You wouldn’t, of course. But in the unlikely chance you should ever pause to wonder how Phil behaves in a train toilet* then hasten yourself along to see the The Curious Incident of the Dog in the Night-Time.
This is not intended to put you off booking a ticket for Simon Stephens‘ adaptation of Mark Haddon‘s novel about Christopher (Luke Treadaway) a 15-year-old mathematics wiz occupying a position somewhere on the autism/aspergers spectrum.
Christopher discovers his neighbour’s dog dead (Ken Dodd’s dog died. Did he? No, Doddy), impaled by a garden fork. Initially under suspicion himself, his enthusiasm for Sherlock Holmes inspires him to embark on his own investigation but he uncovers more than he bargains for.
Andrew had read the book and liked it very much. Phil had heard of it. But it really shouldn’t have worked for the Whingers. TCIOTDITNT is presented with the unfortunate double handicap of: 1. in-the-round staging and 2. at the Cottesloe, eek. Yet, and it sticks in our throats to say, it’s seems the ideal location and the one occasion where a perch in one of the theatre’s upper levels affords a terrific overview of the frequently stunning visuals. The graph-paper stage by the prolific Bunny Christie (need we say more?), lighting by Paule Constable and video design by Finn Ross all but threaten to steal the show.
That’s not to undermine Treadaway’s intense and convincing central performance and even more extraordinary ability to draw massive near-perfect chalk circles (cast him in Brecht someone!) on the stage floor. Treadaway has little to beat but the design; the rest of the actors – including WEW-favoured Una Stubbs – aren’t handed much to work with in their relatively minor roles and although Paul Ritter has moments as the father with troubles of his own, it’s all about the boy.
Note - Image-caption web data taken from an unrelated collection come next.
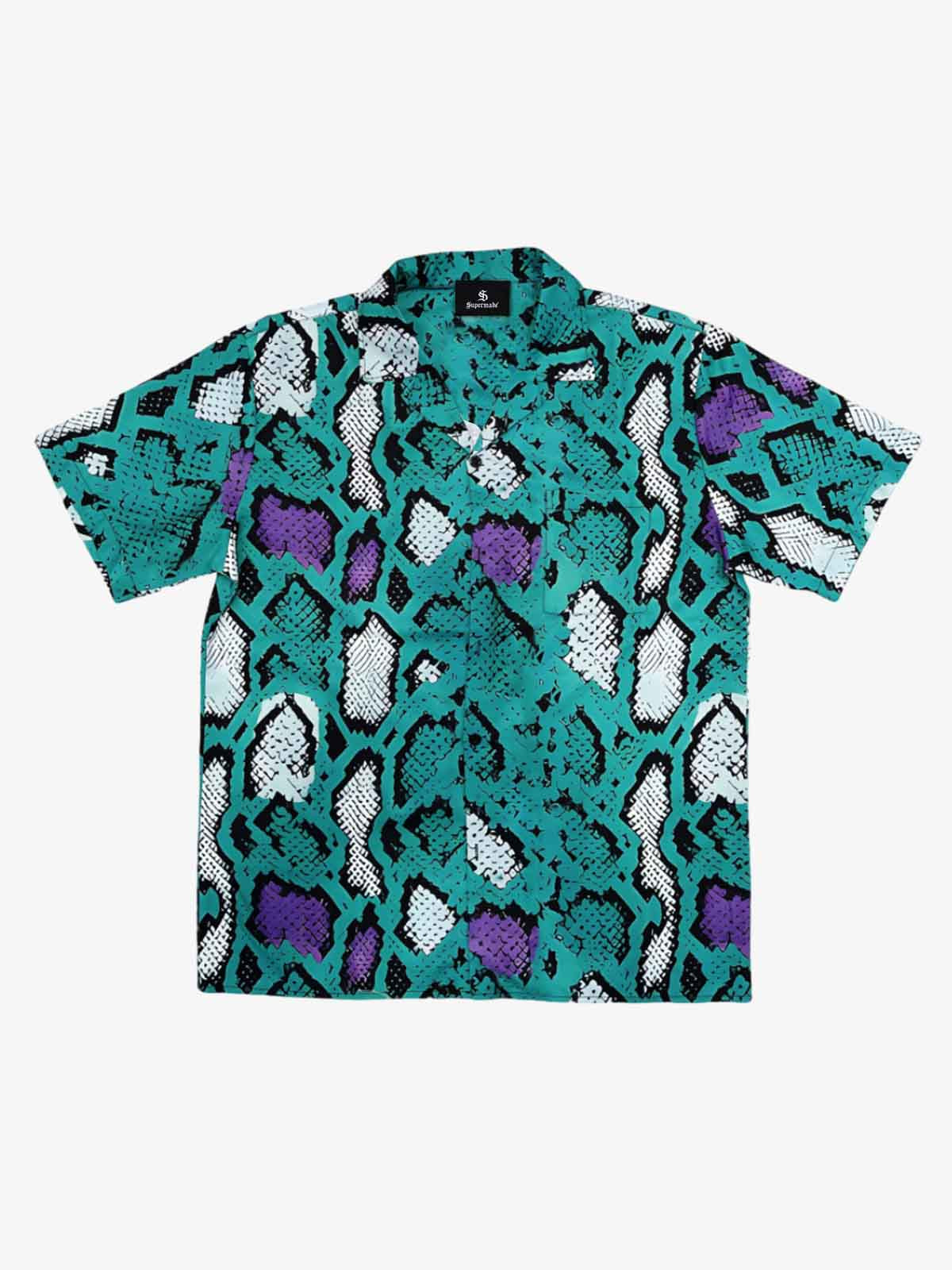 Green Purple Snakeskin Camp Collar Boxy Shirt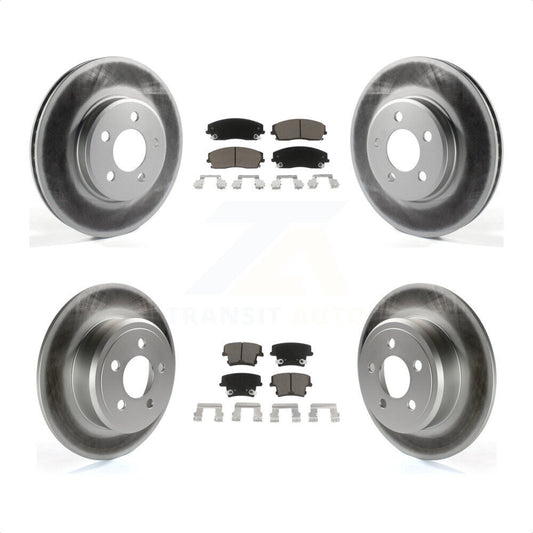 [Avant + Arrière] Kit de disque (revêtu) et plaquette (céramique) de frein pour Dodge Charger Chrysler 300 Challenger Magnum KGC-100640 par Transit Auto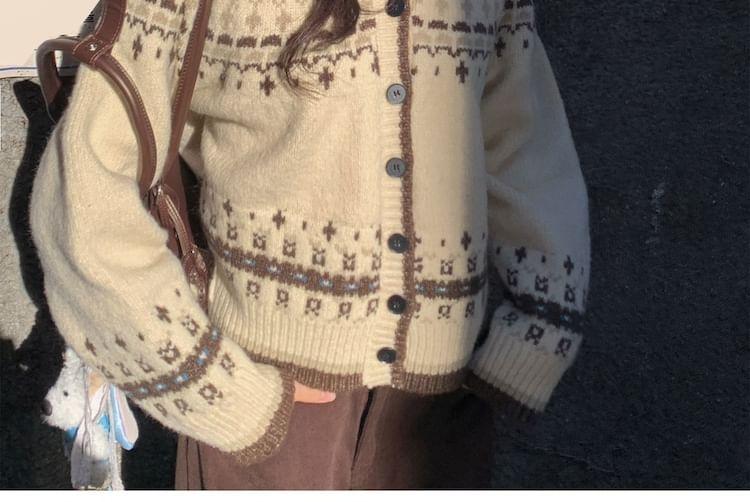 Hooded Patterned Button Up Oversized Cardigan Product Image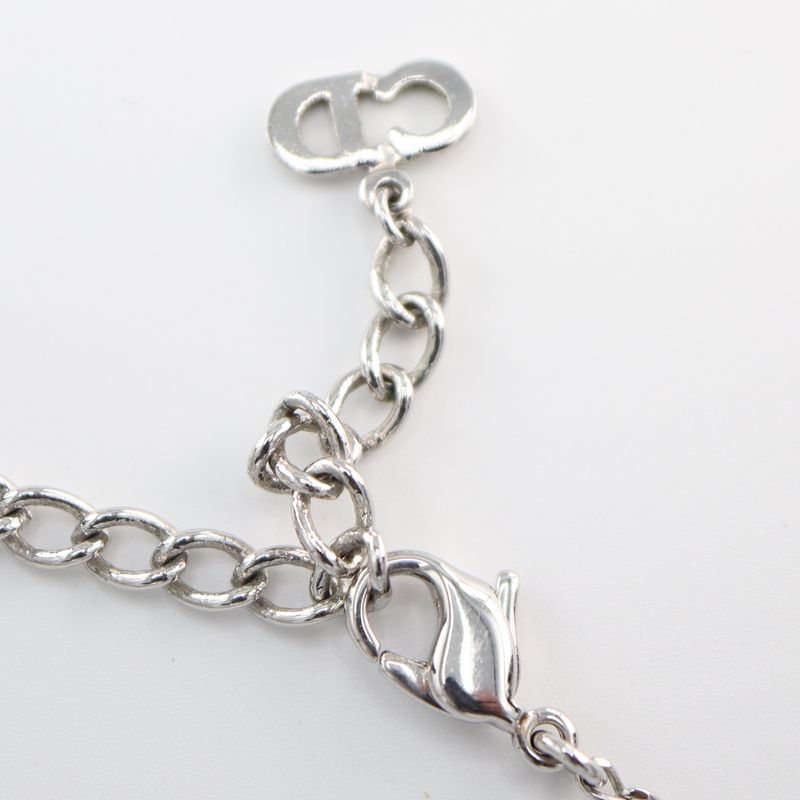 Christian DIOR Bracelet Cube 4charm Approx 5.9g Silver Color Accessories Bag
Most of the supporting cast’s roles are plumped up by playing extras: everything from passengers to waves. “A bit drama studenty sometimes,” Andrew grunted at the break. Some of director Marianne Elliot‘s cleverest moments are after the interval: a train journey, an underground station, and Christopher’s first trip on an escalator, which comes with an enjoyably cheeky bit of National Theatre product placement on the side.
There’s plenty of humour on show, especially in Chistopher’s brilliantly logical take on life: the scene where he sleeps on top of passengers’ luggage is charmingly realised to reflect his character. The feel-goodish ending might have made the Whingers question what is normal, if we hadn’t always been asking ourselves that already.
Andrew was disquieted by the dead dog, but was compensated by appearances of a live rat and another animal which emerges Blue Peter-style (for those old enough to remember) from a box and elicited much cooing among the audience. Disappointingly, but sensibly, it didn’t get much stage time; no one could possibly have been listening to the text during the scene. The Whingers certainly weren’t.
At 2 hours 40 minutes it goes on too long; cutting about half an hour and the interval would have seen us emerge with even more enthusiasm.
In a very justifiable send up of “Premium Seating” some of the audience find themselves in designated “prime seats”. Phil did and it’s a long time since he’s been in any sort of prime.
* It’s a hygiene thing should you be worrying.
1. Mr Treadaway may have got his willy out but we were sitting at the wrong end of the auditorium so can’t be sure which is why we haven’t mentioned the elephant in the room.
2. Andrew may have problems with a prop dead dog, but apparently none with a severed head in the National Theatre’s Props Bar post-show. It’s from Danny Boyle’s Frankenstein and sadly about as close to the Olympics as we’re likely to get.